A raw apple coffeecake handed on by my mom or aunt from their neighbor, Jean Noonan, is sweet enough for dessert. Whenever I bake it I think of all three women, now deceased. I add twenty-five per cent more apples than the original recipe calls for and add nuts to the brown sugar and cinnamon topping. A couple weeks ago I used black walnuts, which made the cake extra delicious.
An easy way to use lots of apples is in apple crisp. Since I tend to bake desserts only on Saturday, I fill a 9″x13″ pan so it lasts well into the week. Our secret to keeping the topping crisp for several days is to only loosely cover the baking dish before refrigerating it.
Early one evening as the sun sank behind trees, it cast both light and shadows on a bowl of apples. The lowering sun reminds me that autumn’s first frost will soon end the growing season. Jay and I hope we get to pick some of the latest bearing apples before any hard frost so that we can savor autumn’s sweetness for another month or so.
Next Saturday is the Scranton-Wilkes Barre Walk to End Alzheimer’s. This is the fourth year I’ve led a team on the Walk. The Striders of the Purple Sage are a hardy bunch who have a good time when we Walk together. Our daughter, son-in-law and grand-daughter will walk simultaneously in Orlando FL, connecting electronically during the morning.
We walk in memory of my mother, Rita Otting Frost, who died with Alzheimer’s Disease four years ago. Jay and I walk to honor our friend Claire and others living with Alzheimer’s Disease. Also we walk to raise awareness about the disease’s effects on society and to raise funds for the Alzheimer Association. An association support group and their educational services were of great help to my father during my mother’s illness. That service affected even me living 1000 miles away.
Here in Pennsylvania Jay and I have also from time to time contributed glass to the Northeastern Region Alzheimer’s Association spring fundraiser. “An Affair to Remember” is true to it’s name, a lovely evening with silent art auction, basket raffle, and speaker accompanied by hors-d’oeuvres. In 2011 two fused glass dishes were sold to the highest bidder. The red, amber, and olive pasta bowl had been made entirely of frit on a clear base. The short oval dish had purple and red cut pieces against an amber background.

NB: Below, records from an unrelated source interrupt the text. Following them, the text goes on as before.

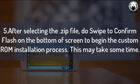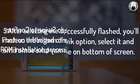Step 5: After selecting the zip file, swipe to confirm flash at the bottom of the screen to begin the custom ROM installation process. This may take some time.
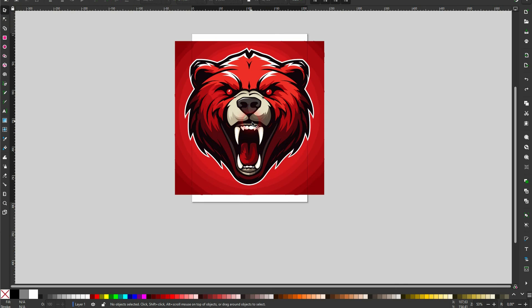So this is how I've used MidJourney to create these typical mascot logos. I hope this video was helpful. Thank you for watching. And I'll see you next time.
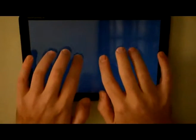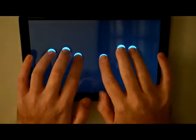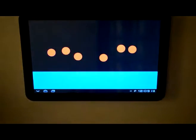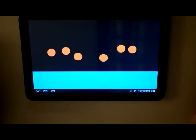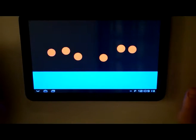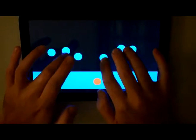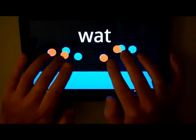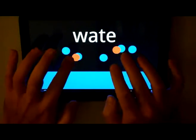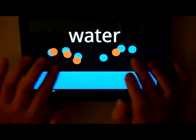I'm going to press a search button and now I'm going to set the initial locations of the six keys in the Braille keyboard. And now I'm going to type the word water. W-A-T-E-R.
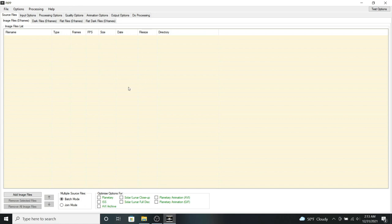So the first thing we're going to do is to make sure that you've actually processed the individual animation frames that we'll be using for the animation. So you'll do this by doing the traditional processing methods of using AutoStackert and Registax.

After having reached this year’s Walk fund-raising goal during the summer, I raised it and still have $30 to reach the higher goal. Jay has $10 to get to his goal. You can contribute to a great cause at his Walk web page or at mine or to anyone on the team, which is about $300 short.
The Walk is part effort and part joy. Finding a cure and ways to prevent Alzheimer’s requires both concerted effort and creativity, much like our glass work. With creative efforts we can end Alzheimer’s one step at a time.